We had Senator Boswell whose view of the world is that a woman's place is in the kitchen making sure dinner is ready for hubby for when he gets home. Good old Senator Boswell wants to return to a time when Aboriginal people could not vote and when we could not talk about the issue of equality and how we should be able to live in a society where all people are treated equally. The coalition are running away from this debate, because they have already lost Senator Bernardi over his spiteful, hateful and divisive comments. If it goes on for a bit longer, who knows what might happen? The genie would be out of the bottle. We would hear all of these folks with their prejudiced views not being able to help themselves. People at the moment are just holding back because they think: 'Give this a bit of time and it'll be off the political agenda.' It is not going anywhere.

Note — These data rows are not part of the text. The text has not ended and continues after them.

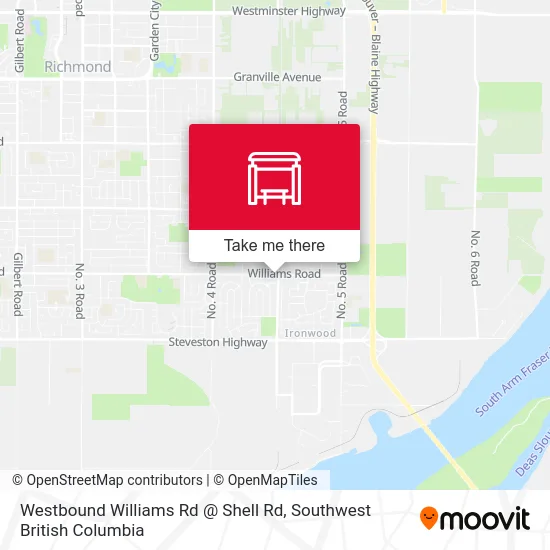 Westbound Williams Rd @ Shell Rd plan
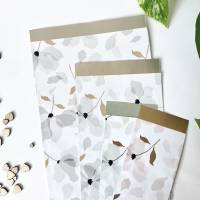Set aus 4 Papiertüten mit floralem Muster unterschiedliche Größen Tütenset Papiertasche Papierbeutel Bild 1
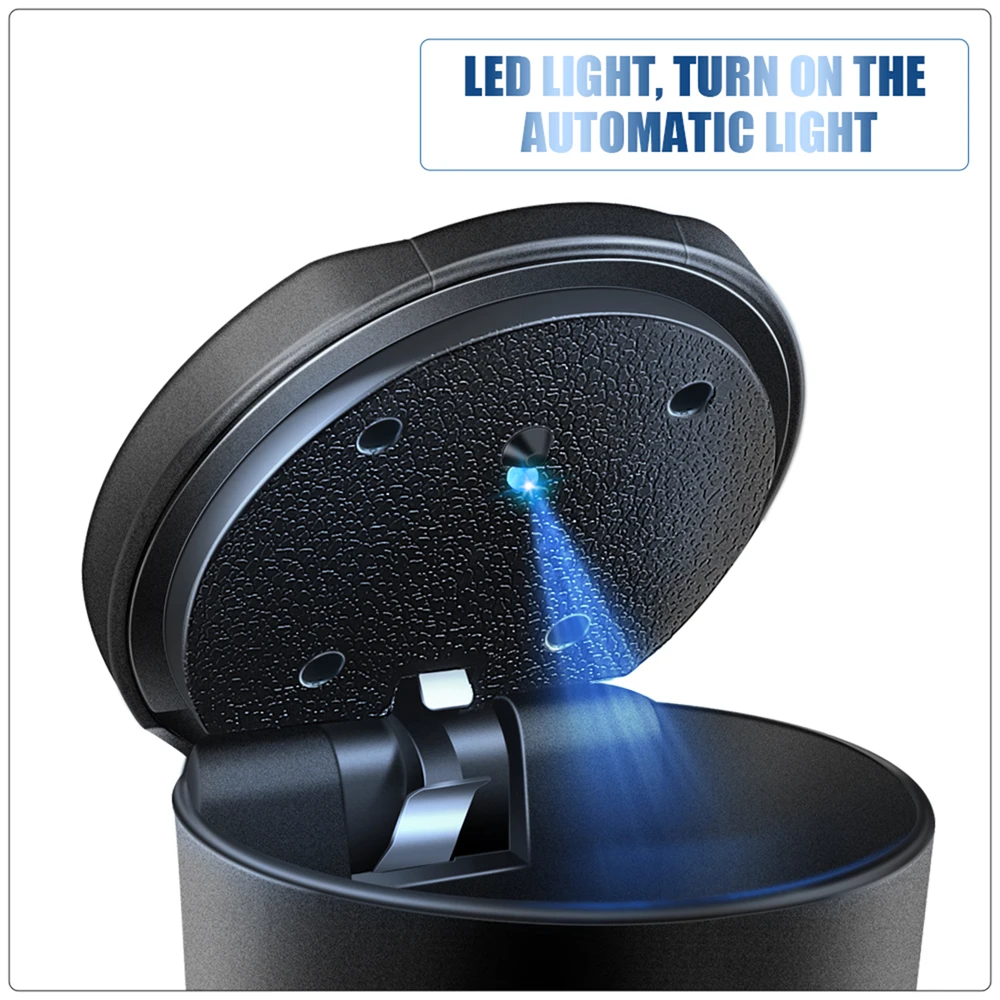1pc Car Ashtray Cigar Ash Tray Coin Storage Cup Led light Center Cover for Audi A4 B8 B6 B9 B7 A6 C7 Q3 A7 RS3 C6 C5 Q5 A5 Q7 A1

If this debate is killed tomorrow, it will be back because we will make sure it comes back. We know the Australian community wants it to come back. There is overwhelming popular support for this. Imagine a time when the party of liberalism, the party of the individual, does not allow their individual members a conscience vote on this issue. It is denying each and every one of these members of the party of individualism, the party of small government, a conscience vote. Who would have thought it?
The government deserves criticism as well. We know that there are many members within the government who support our position on this who wanted a debate, and yet we have people like Joe de Bruyn making it very, very clear that this is a debate that must be killed—not because it does not have popular support but precisely because it does. We have to kill it because it has got popular support. That is the logic of Joe de Bruyn's speech to the Australian Christian Lobby. We cannot win this argument on its merits because people want this change. No, we have got to frighten you into submission. What a terrific piece of logic that was. Good on you, Joe.
Coalition and conservative prime ministers right across the globe are getting behind marriage equality: New Zealand, eight other countries and states across the US—Barack Obama has changed his position but not Julia: 'No, no, no. We cannot change our position, because it has got popular support.'
Claire Moore (Queensland, Australian Labor Party) Share this | Link to this | Hansard source
Senator, I would remind you when you are referring to—
Richard Di Natale (Victoria, Australian Greens) Share this | Link to this | Hansard source
The Prime Minister; I am sorry—Prime Minister Gillard. We cannot have a debate on this because guess what? We will lose it, because the Australian public want it. This is what it has come to: cowards on one side and cowards on the other who want to kill the debate. Who would have thought it? It does not matter: this is round 1. We know—it might not be tomorrow, next week or next month—this debate is going to come back and we are going to win it.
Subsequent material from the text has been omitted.